For a beauty brand or product to be classified as luxury, an item was traditionally found to be of the highest quality with an equally staggering price tag. This definition is still relevant, and for many consumers will always be the case. But consumer brand perceptions are changing as new brands with strong value propositions enter the prestige beauty space. As such, consumers’ definition of luxury, particularly when it comes to skin care, is a moving target.

Within the U.S. prestige beauty market, the most luxurious category is fragrance. The average price of a fragrance is more than double that of skin care and continues to rise. For the past few years, the fragrance category has experienced skyrocketing sales, attributed to more consumers purchasing higher-priced brands and stronger concentrations, which are more expensive. Consumers seem to understand the value of paying more for luxury fragrances and have embraced doing so. However, this is not the case when it comes to skin care.

Luxury skin care – defined here as a product with an average price of $87, or twice the average price in the category overall – accounts for less than 10% of total skin care units sold through prestige retailers, mainly department and beauty specialty stores. Unit sales were flat in the first two months of the year, versus 2022, while the overall prestige skin care category grew by 17%. In terms of sales revenue, luxury brands grew 2% during these same two months, trailing the overall category’s 14% growth. These sales trends indicate that overall consumer demand for luxury skin care brands is softening.

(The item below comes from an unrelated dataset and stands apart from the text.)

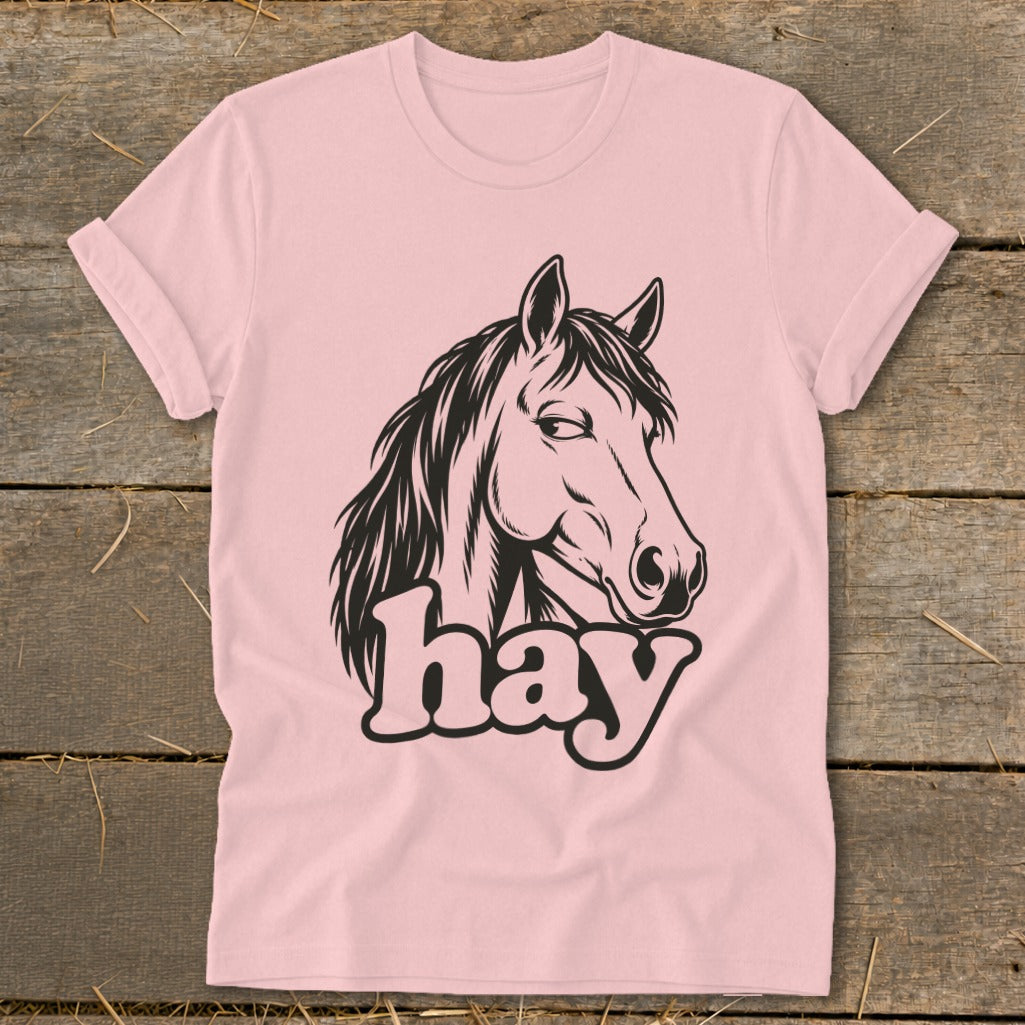 Pink t-shirt with black illustration of horse head and the word "hay".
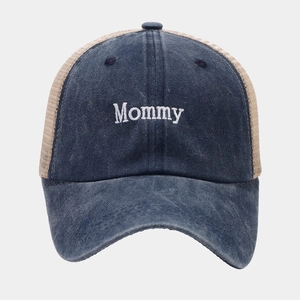 Detail of Mommy embroidery on vintage washed denim and breathable mesh trucker cap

The biggest hurdle for luxury skin care to overcome is the fact that lower-priced brands with prestige positioning have entered the consumer’s universe. These brands peeled back the curtain by providing consumers with a level of ingredient and formulation transparency that hadn’t been seen before. They took a cornerstone of luxury – higher prices due to more expensive and efficacious ingredients – and showed the consumer that she can pay $15 or less for those same ingredients and achieve the desired results.

Just over 50% of U.S. consumers say they avoid spending a lot on skin care and 64% report that brands at mass merchandisers are as good as higher priced brands, according to findings from NPD’s 2022 Women’s Facial Skincare Report. The lesson here is that luxury skin care brands need to show the consumer their unique value proposition. Higher-priced fragrance brands have a unique advantage that skin care brands do not, because that category lacks lower-priced alternatives. For luxury skin care to win more sales, the market will need to directly address their indirect competitors and romance consumers with the “why” behind the luxury buy.